This absence of decorative art may perhaps give a hint as to the chronological position of Comer's Midden in Greenland. Both in West and East Greenland there have, as we shall see later, been found fine examples of the decorative art which we know from Naujan, specimens which we should thus regard as being typologically older than Comer's Midden. The absence of Thule harpoon type 2 in Comer's Midden is also strange; this, which is the commonest type both at Naujan and at Qilalukan, is also known — as will be shown later — from other older finds both in the Cape York district itself and in West Greenland. Furthermore, Wissler figures (fig. 8) from Rensselaer Harbour in the Cape York district a knife with side blade of flint, apparently the prototype of the knives with iron edges in Comer's Midden, as well as (fig. 10) several flint objects from Etah, whereas these do not appear at all in Comer's Midden, where the meteoric iron technique has predominated. All this might indicate that it would not be quite impossible to find an earlier stage of the Thule culture represented in the Cape York district than that we have in Comer's Midden.

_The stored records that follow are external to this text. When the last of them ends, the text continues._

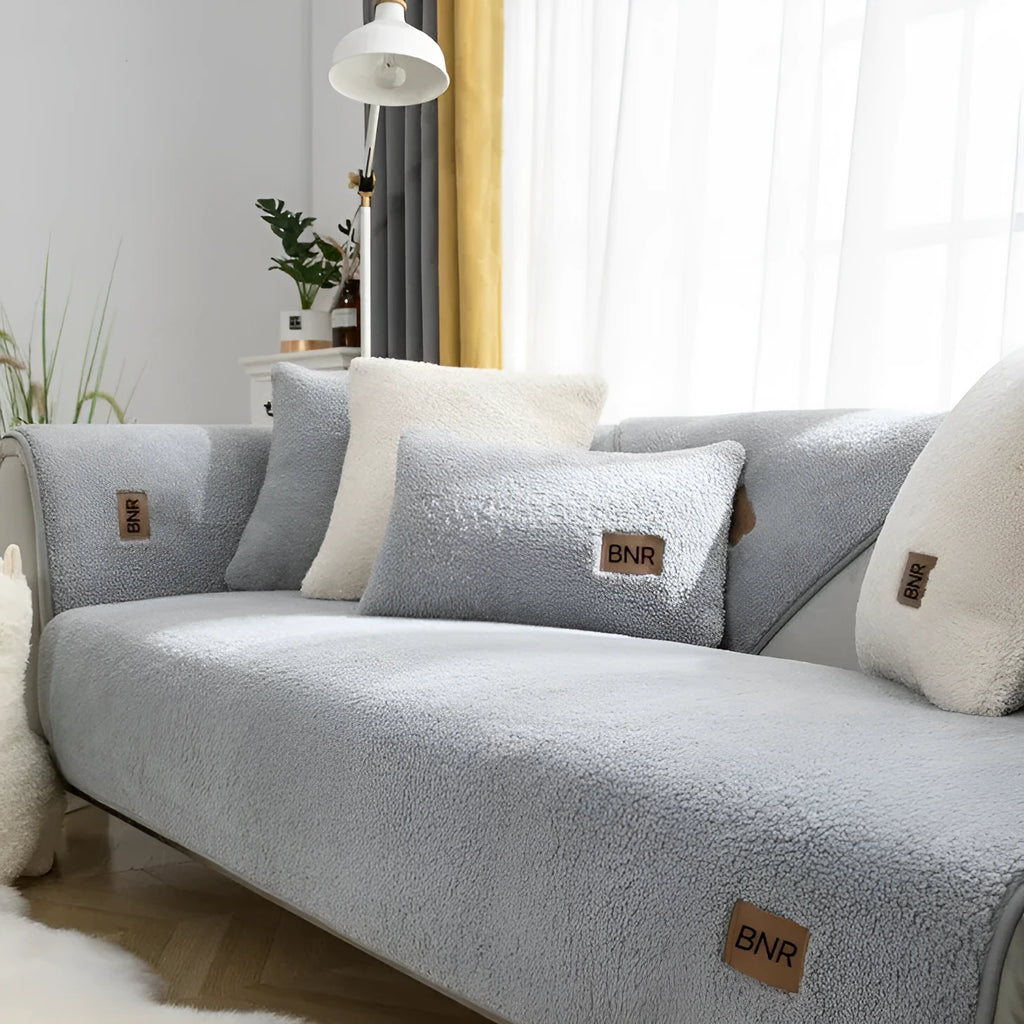 Lambswool machine-washable sofa cover in solid blue colour on a grey sofa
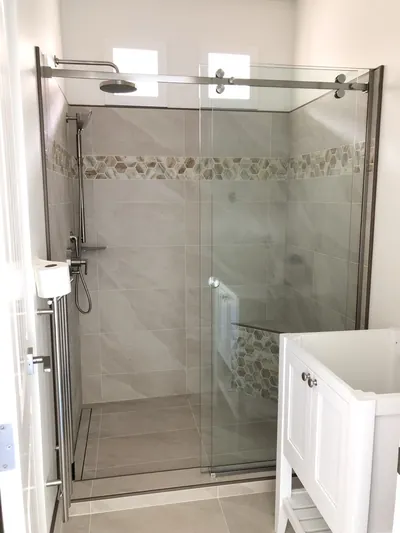 Custom Shower w/ Linear Drain, Corner Bench, and Feature Band Details 5
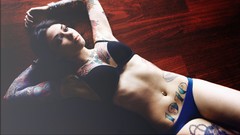 Woman tattoos lingerie models lying down nude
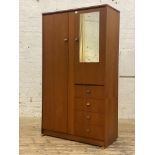 A mid century teak wardrobe by Symbol, full length door opening to an interior fitted with hanging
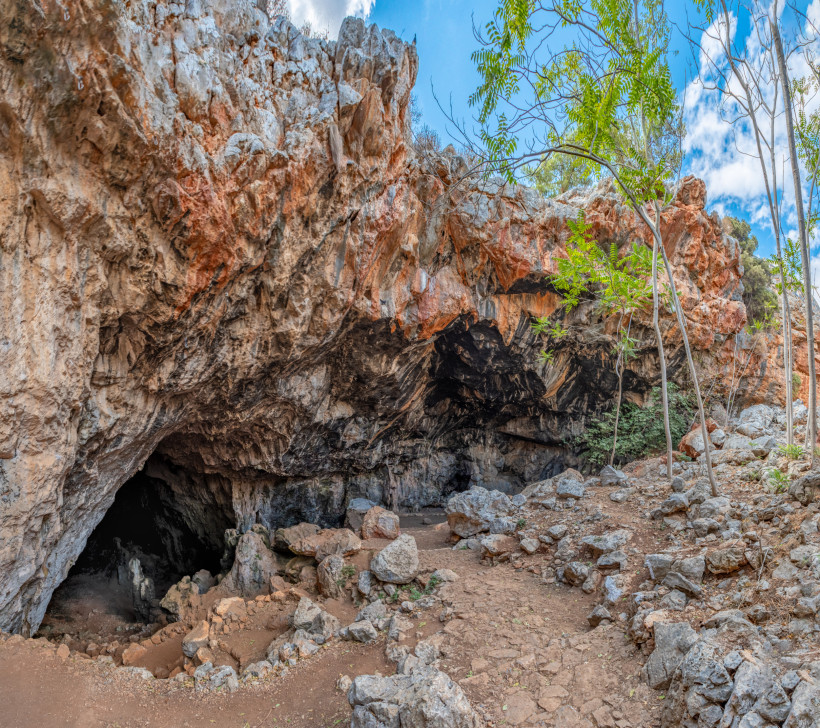 Höhle von Skotino: Höhleneingang in einer Felswand Eingang der Höhle von Skotino in einer felsigen Kalksteinwand mit Geröll und schmalem Pfad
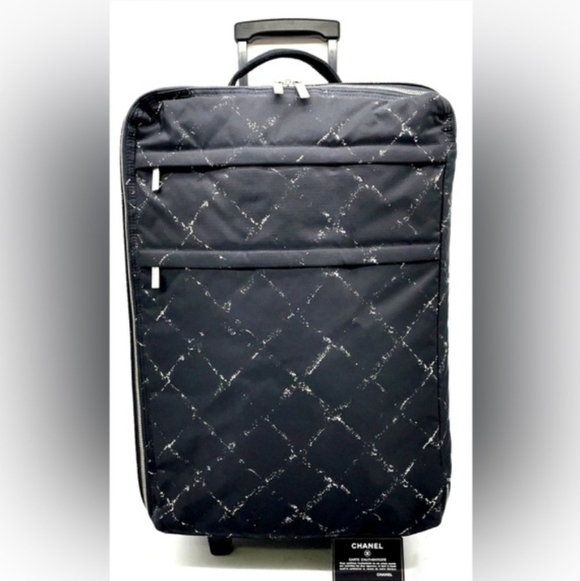 CHANEL Handbags - Chanel Black Travel Line quilted nylon rolling Carry On Suitcase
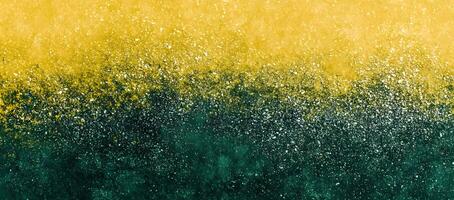 Splattered white dots create a transition from golden yellow to deep green background photo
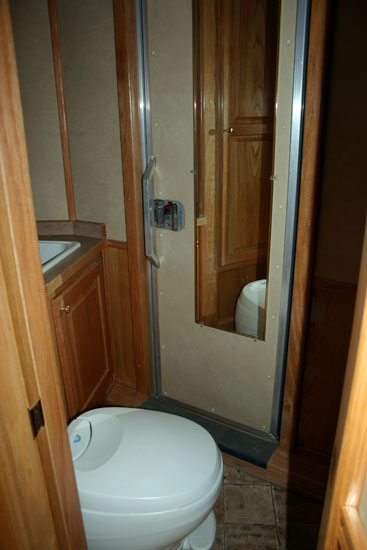 Bathroom with sink/vanity, closet, toilet & shower. Also walk-thru door to stall area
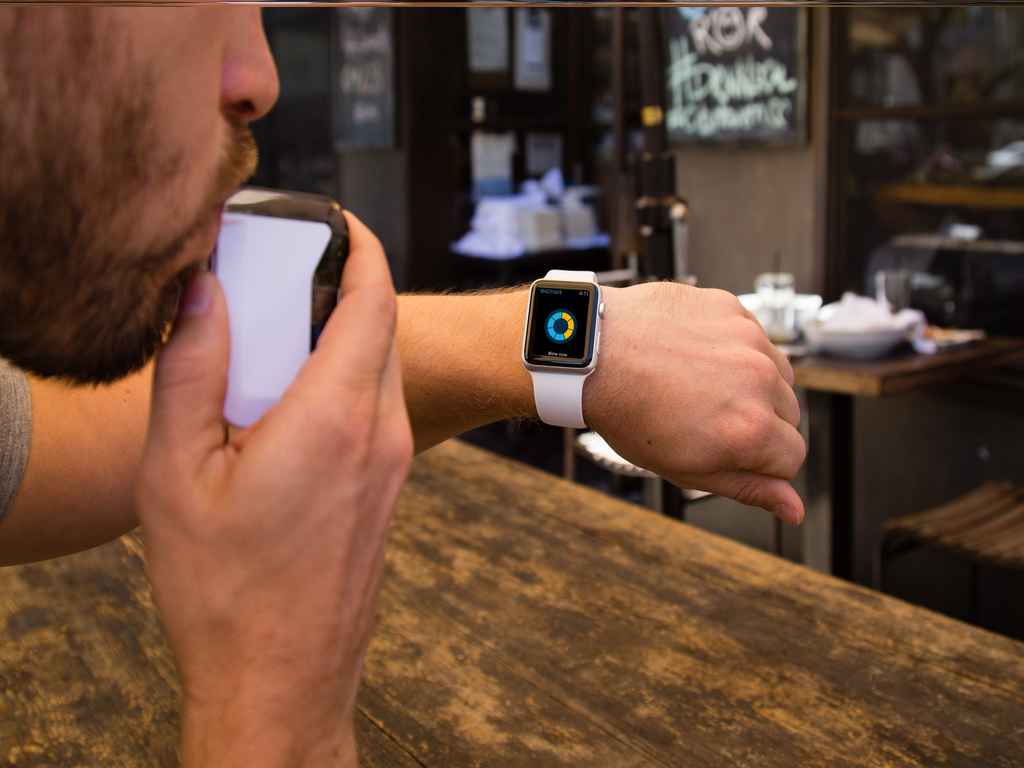 A person blowing to a breathalyser while looking at a smartwatch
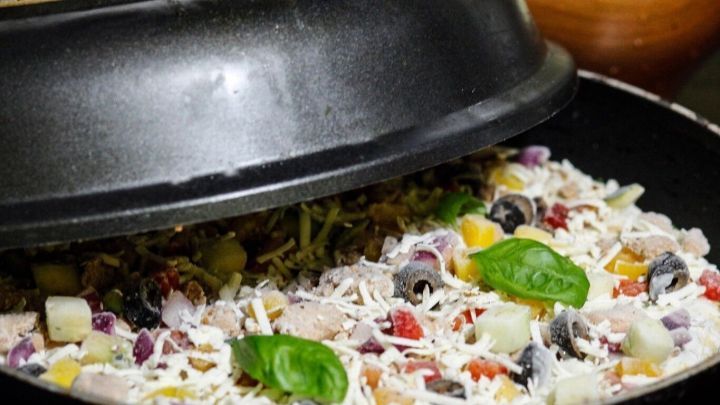 Eine Pfanne mit einer Pizza, die mit frischem Gem&uuml;se und K&auml;se belegt ist, wird mit einem Deckel abgedeckt.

The find from Comer's Midden is one of the few unshakable holds we have as yet in the archaeology of Greenland and it shows with unfailing certainty that the old Central Eskimo Thule culture in its typical form has reached Northwest Greenland and has taken root there. In Comer's Midden at Thule appeared for the first time the peculiar whaling and baleen culture which we have now followed over great parts of Arctic America and which it is thus fully justifiable to call the Thule culture.